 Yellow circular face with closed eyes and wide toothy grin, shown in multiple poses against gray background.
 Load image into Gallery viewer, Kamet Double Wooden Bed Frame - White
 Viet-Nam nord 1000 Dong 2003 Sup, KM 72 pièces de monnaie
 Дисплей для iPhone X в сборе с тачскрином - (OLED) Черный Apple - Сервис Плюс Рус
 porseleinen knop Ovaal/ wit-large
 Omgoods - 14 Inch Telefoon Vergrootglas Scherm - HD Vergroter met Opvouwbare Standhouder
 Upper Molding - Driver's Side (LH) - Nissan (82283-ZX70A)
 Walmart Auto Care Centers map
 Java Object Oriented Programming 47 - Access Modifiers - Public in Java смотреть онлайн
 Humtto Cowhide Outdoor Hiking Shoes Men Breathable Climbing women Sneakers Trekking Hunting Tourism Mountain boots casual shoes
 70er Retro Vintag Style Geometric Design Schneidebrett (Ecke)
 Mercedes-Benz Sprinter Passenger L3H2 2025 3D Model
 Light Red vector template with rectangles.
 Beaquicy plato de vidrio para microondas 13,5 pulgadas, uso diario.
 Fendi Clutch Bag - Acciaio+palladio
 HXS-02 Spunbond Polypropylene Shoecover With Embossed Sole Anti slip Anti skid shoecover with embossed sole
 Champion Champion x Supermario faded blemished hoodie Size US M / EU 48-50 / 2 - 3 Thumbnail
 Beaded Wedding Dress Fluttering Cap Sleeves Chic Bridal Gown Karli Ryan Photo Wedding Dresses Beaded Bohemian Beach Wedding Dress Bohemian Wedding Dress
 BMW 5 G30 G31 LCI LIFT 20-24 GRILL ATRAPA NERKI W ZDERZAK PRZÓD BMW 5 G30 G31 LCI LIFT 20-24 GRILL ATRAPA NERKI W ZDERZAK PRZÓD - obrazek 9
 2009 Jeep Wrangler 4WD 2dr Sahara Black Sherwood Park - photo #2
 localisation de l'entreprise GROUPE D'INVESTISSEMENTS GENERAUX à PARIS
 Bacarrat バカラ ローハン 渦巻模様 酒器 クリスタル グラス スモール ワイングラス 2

——————————

**Instructions for the task**
Write out the whole listing again. Match it word for word.

**Task solution**
 Yellow circular face with closed eyes and wide toothy grin, shown in multiple poses against gray background.
 Load image into Gallery viewer, Kamet Double Wooden Bed Frame - White
 Viet-Nam nord 1000 Dong 2003 Sup, KM 72 pièces de monnaie
 Дисплей для iPhone X в сборе с тачскрином - (OLED) Черный Apple - Сервис Плюс Рус
 porseleinen knop Ovaal/ wit-large
 Omgoods - 14 Inch Telefoon Vergrootglas Scherm - HD Vergroter met Opvouwbare Standhouder
 Upper Molding - Driver's Side (LH) - Nissan (82283-ZX70A)
 Walmart Auto Care Centers map
 Java Object Oriented Programming 47 - Access Modifiers - Public in Java смотреть онлайн
 Humtto Cowhide Outdoor Hiking Shoes Men Breathable Climbing women Sneakers Trekking Hunting Tourism Mountain boots casual shoes
 70er Retro Vintag Style Geometric Design Schneidebrett (Ecke)
 Mercedes-Benz Sprinter Passenger L3H2 2025 3D Model
 Light Red vector template with rectangles.
 Beaquicy plato de vidrio para microondas 13,5 pulgadas, uso diario.
 Fendi Clutch Bag - Acciaio+palladio
 HXS-02 Spunbond Polypropylene Shoecover With Embossed Sole Anti slip Anti skid shoecover with embossed sole
 Champion Champion x Supermario faded blemished hoodie Size US M / EU 48-50 / 2 - 3 Thumbnail
 Beaded Wedding Dress Fluttering Cap Sleeves Chic Bridal Gown Karli Ryan Photo Wedding Dresses Beaded Bohemian Beach Wedding Dress Bohemian Wedding Dress
 BMW 5 G30 G31 LCI LIFT 20-24 GRILL ATRAPA NERKI W ZDERZAK PRZÓD BMW 5 G30 G31 LCI LIFT 20-24 GRILL ATRAPA NERKI W ZDERZAK PRZÓD - obrazek 9
 2009 Jeep Wrangler 4WD 2dr Sahara Black Sherwood Park - photo #2
 localisation de l'entreprise GROUPE D'INVESTISSEMENTS GENERAUX à PARIS
 Bacarrat バカラ ローハン 渦巻模様 酒器 クリスタル グラス スモール ワイングラス 2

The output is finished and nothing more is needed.